17 November 2016

The Social Work Role in Building Real Democracy

Statement from IFSW:

Trump’s victory highlights the failure of contemporary democratic systems, the importance of people’s engagement in their futures and the reaffirmation of the social work roles in political process.


Last weeks vote in the USA propelling Donald Trump to President Elect highlights the failure of the current democratic systems. The winner was clearly the culture of non-voting and the alienation of people from the systems that control their day-to-day lives and futures.

Donald Trump received 23.7%, Hilary Clinton a fraction higher at 23.8 while 42.2% percent of eligible voters did not engage in the electoral process – plus a further 7.8% of people prevented from voting – resulted in 50% of people not participating in the democratic process. From the point of view of anyone, not just social workers, this outcome represents a massive failure in people’s engagement in the political systems that dominate their lives.

Social workers are acutely aware that voting every 4 years in the secrecy of a private booth does not secure the kind of democracy and political structures that are needed to engage people’s involvement in the environments that dictate their health, security, rights and future wellbeing. Such limited democratic processes lack the interest and ability that brings interaction and engagement between peoples. Voting every 4-years without further involvement, is the weakest form of democracy.

Such a simple concept of democracy only asks people to say ‘yes’ or ‘no’ to a political future in which they are not engaged.

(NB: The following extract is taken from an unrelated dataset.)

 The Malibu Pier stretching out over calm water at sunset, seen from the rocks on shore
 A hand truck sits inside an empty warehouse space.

Instead of interaction, people are subjected to manipulative political arguments that tell them that this race or those countries are the reasons for their disadvantage and discomfort. The reality and consequence is people’s disengagement, disillusion and alienation from the structures they need to be involved with.

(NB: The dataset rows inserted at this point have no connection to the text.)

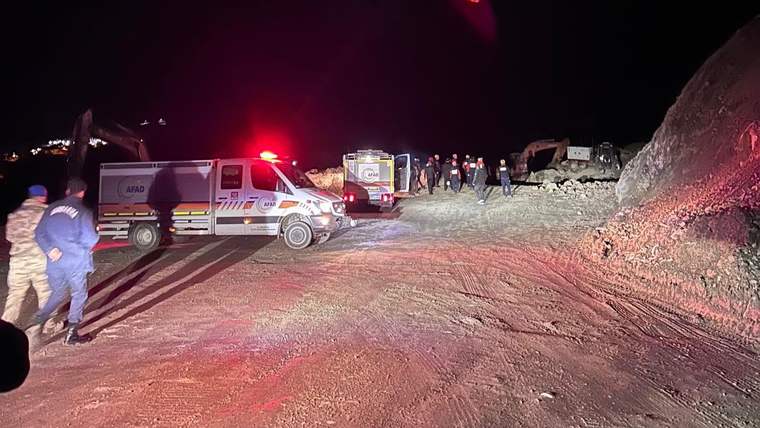 Gece, kırmızı ışıkları yanan ambulanslar ve iş makinelerinin bulunduğu kayalık alanda insanlar bekliyor.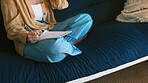Writing, notes and hands in lounge, creative and planning for novel on couch, inspiration and ideas. Home, writer and person with notebook for brainstorming, relax and artist with project on sofa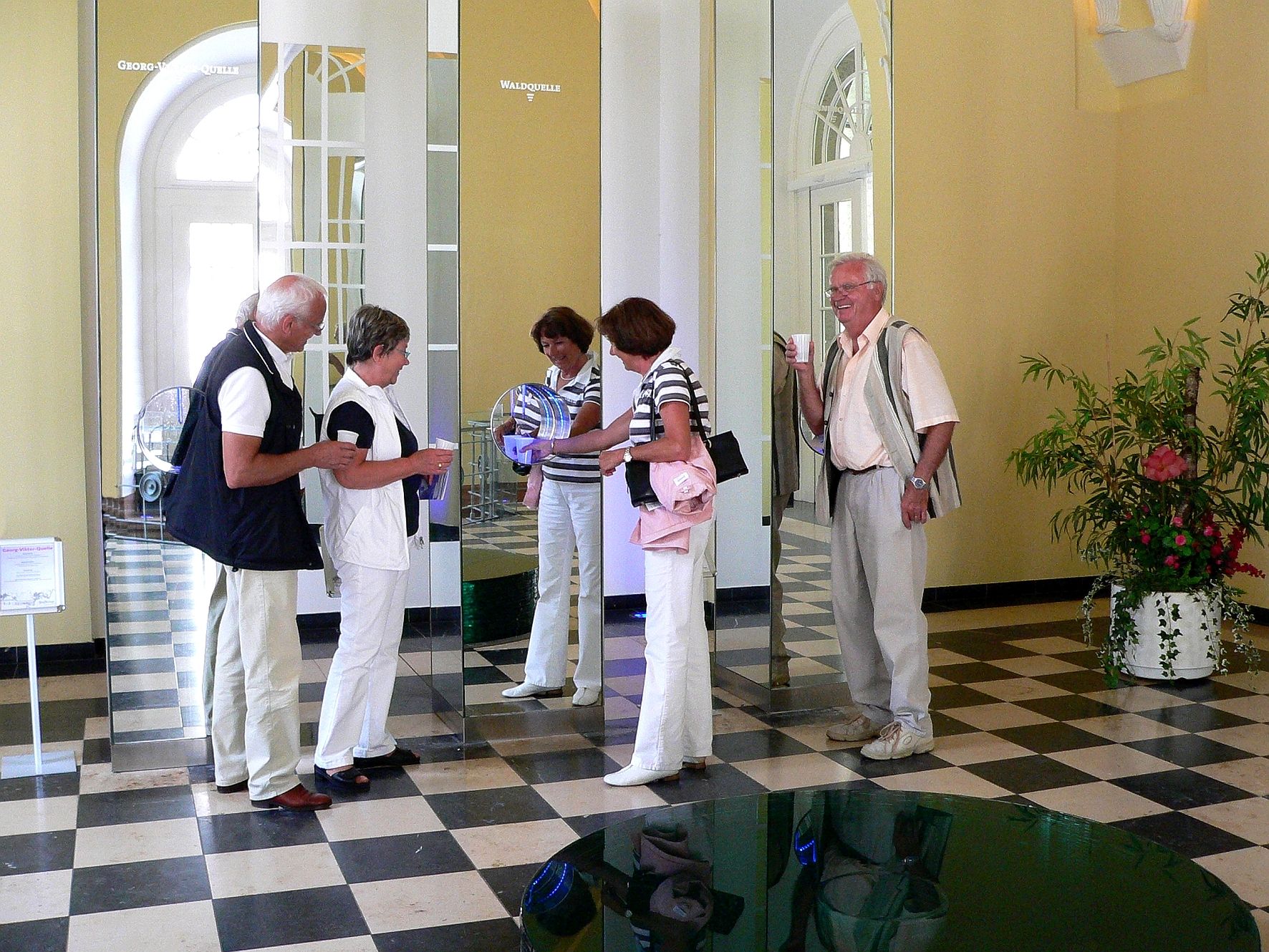 Quellendom in der Wandelhalle Bad Wildungen. Zwei Männer und zwei Frauen stehen im Quelledom vor den Zapfanlagen.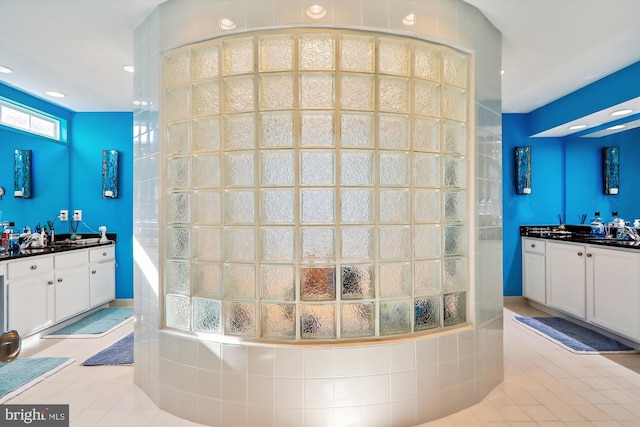 full bath featuring a sink, two vanities, walk in shower, and tile patterned flooring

Such alienation is compounded by the inequality between the establishment and people seeking justice because of flawed social policies. The driver is to protect the status quo rather than working in co-production to find transforming solutions.

Social workers have been consistent advocates with people and communities to be actively involved in shaping our environments. This is a part of the profession’s belief that oppression and difficulties must be addressed at their root-cause and not just at the symptom level. The role of social workers is facilitating solidarity within families, groups and between groups for the development of systems and structures that are inclusive and respect the dignity of all people. It is therefore natural for us to advocate for the development of active and engaging democratic structures, which support people’s participation in decision making.

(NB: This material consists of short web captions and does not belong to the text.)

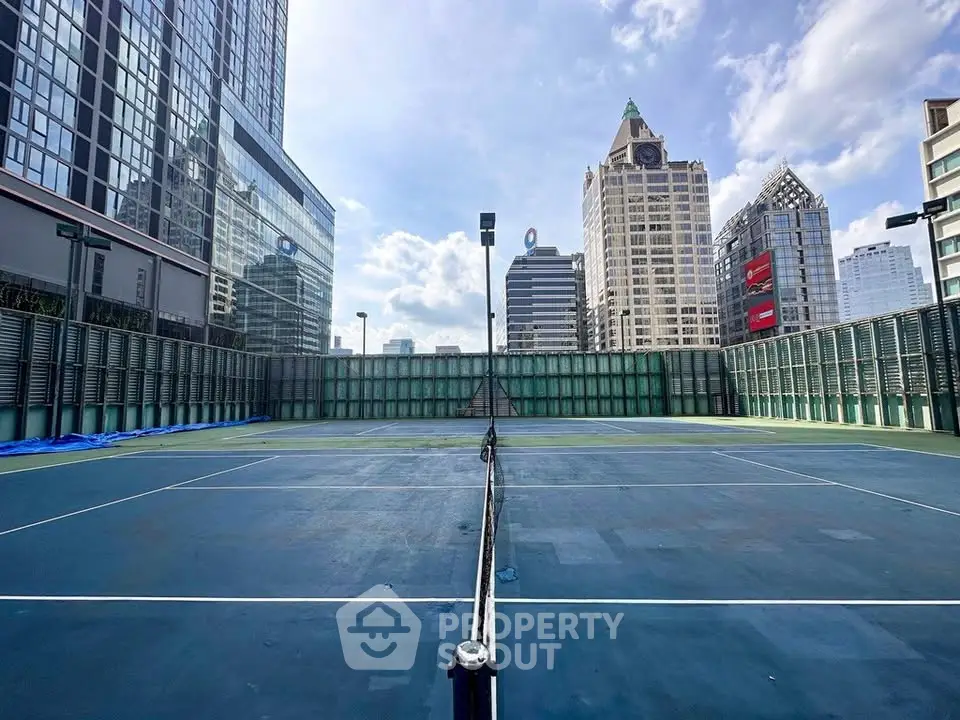 Stunning rooftop tennis court with city skyline views, perfect for urban living enthusiasts.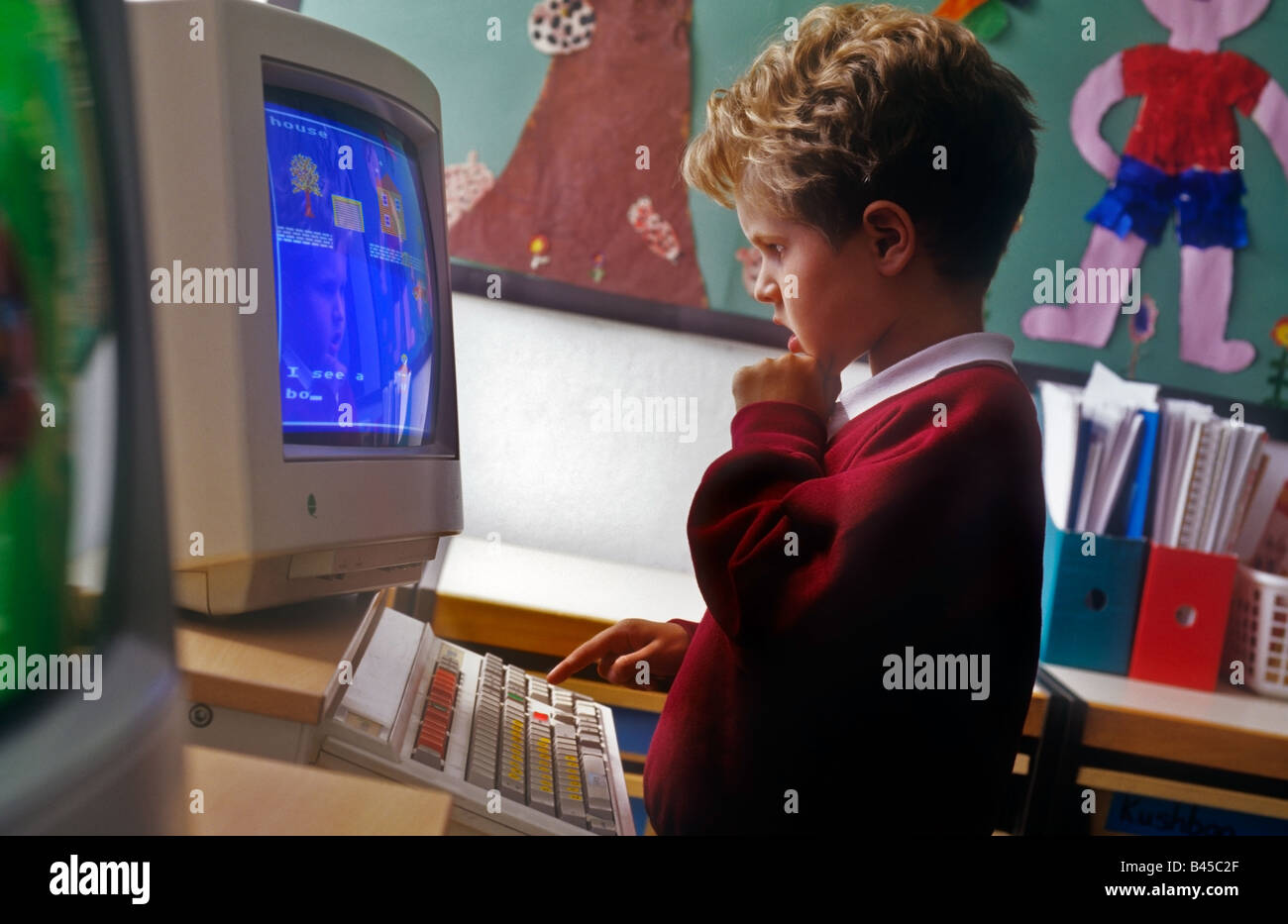 Infant school boy in class room aged 4 to 6 years looks at computer screen to identify and learn screen displayed object names Stock Photo
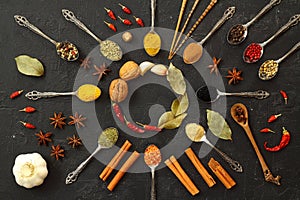 Big set of Indian spices on wooden table. Top view, Horizontal image.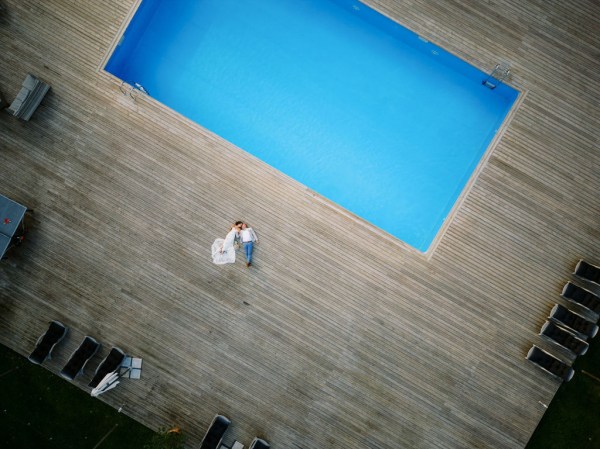 Blue pool view and bride and groom lying flat drone shot footage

IFSW promotes the development of legislation in all countries that recognizes the importance of community involvement in building real democratic structures. From a social work perspective, social services and welfare systems should be key platforms in building community cohesion and solidarity. Focusing on prevention rather than symptom relief social services should involve bringing communities together to actively participate and shape societies for the benefit of all peoples. The social work contribution is to use our skills in bridging peoples together and facilitating the translation of recourses into sustainable outcomes and self-reliant, confident families and communities.

The minority of US citizens successfully voting for Donald Trump as President Elect doesn’t reflect a healthy democracy, nor is it an isolated situation. Brexit, the growth of polarised political parties, the intensification of racism, blaming refugees, discrimination against differing sexual orientation and identity are all consequence of political actions based on fear – not the real engagement of people based on listening, understand and working together for a better solutions.

The challenge of such limited versions of democracy has implications for the social work profession. In reaction, we continue to reinforce our focus on facilitating formal and informal community support systems. We champion the building of solidarity between peoples and supporting the voices of communities. We work with governments presenting evidence on the benefits of building social capital to achieve economic and social sustainability. We join the demonstrations and movements linking peoples together in the call for real democracy and the recognition of all people’s rights. We speak together saying: No to governance of the people – and – yes to ‘governance by the people’.